#### PROBLEM STATEMENT:
Return all the data exactly, keeping the pictures out.

#### DATA EXCERPT:
····················
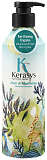 Шампунь парфюмированный «шарм» - KeraSys Pure&charming parfumed shampoo, 600мл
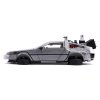 Модель машинки Jada Toys Hollywood Rides: Машина Времени (Time Machine) Назад в Будущее 2 (Back to the Future 2) (31468) 1:24 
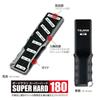 TAJIMA Board File, Super Hard 180, Coarse Grit, TBY-SH180A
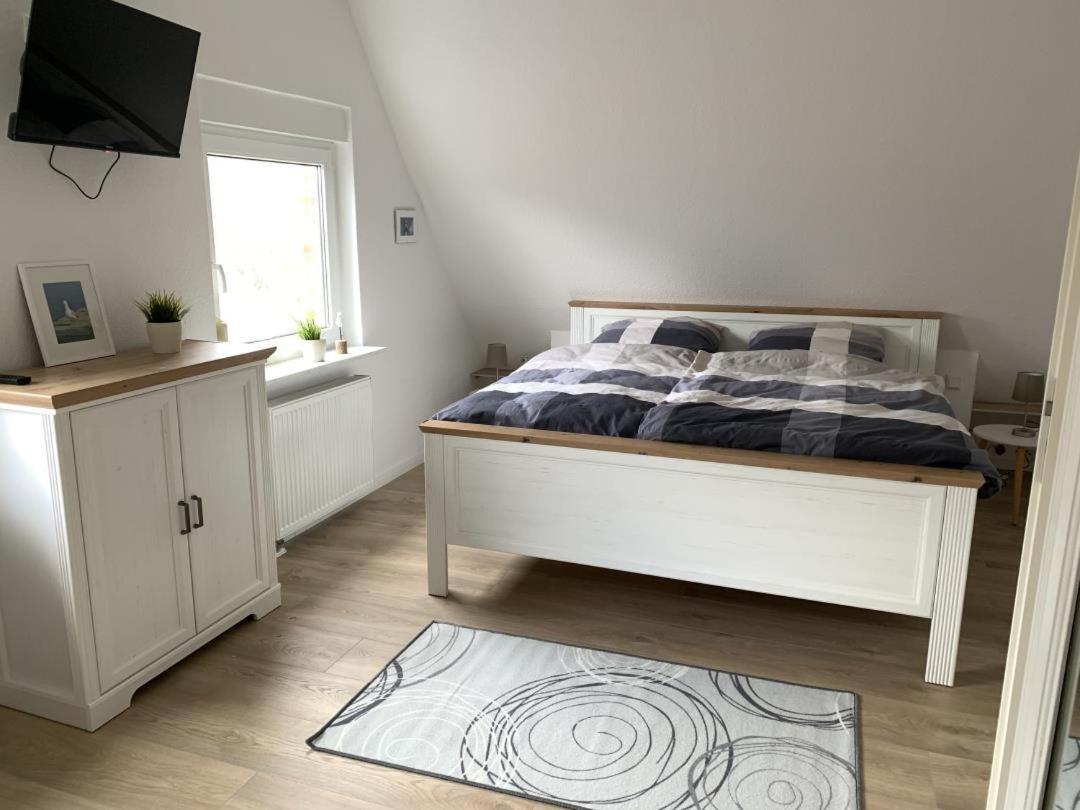 Neu! Schickes Und Modernes Ferienhaus Ant Zingel Krummhörn Exterior foto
····················
#### ANSWER BOX:
 Шампунь парфюмированный «шарм» - KeraSys Pure&charming parfumed shampoo, 600мл
 Модель машинки Jada Toys Hollywood Rides: Машина Времени (Time Machine) Назад в Будущее 2 (Back to the Future 2) (31468) 1:24 
 TAJIMA Board File, Super Hard 180, Coarse Grit, TBY-SH180A
 Neu! Schickes Und Modernes Ferienhaus Ant Zingel Krummhörn Exterior foto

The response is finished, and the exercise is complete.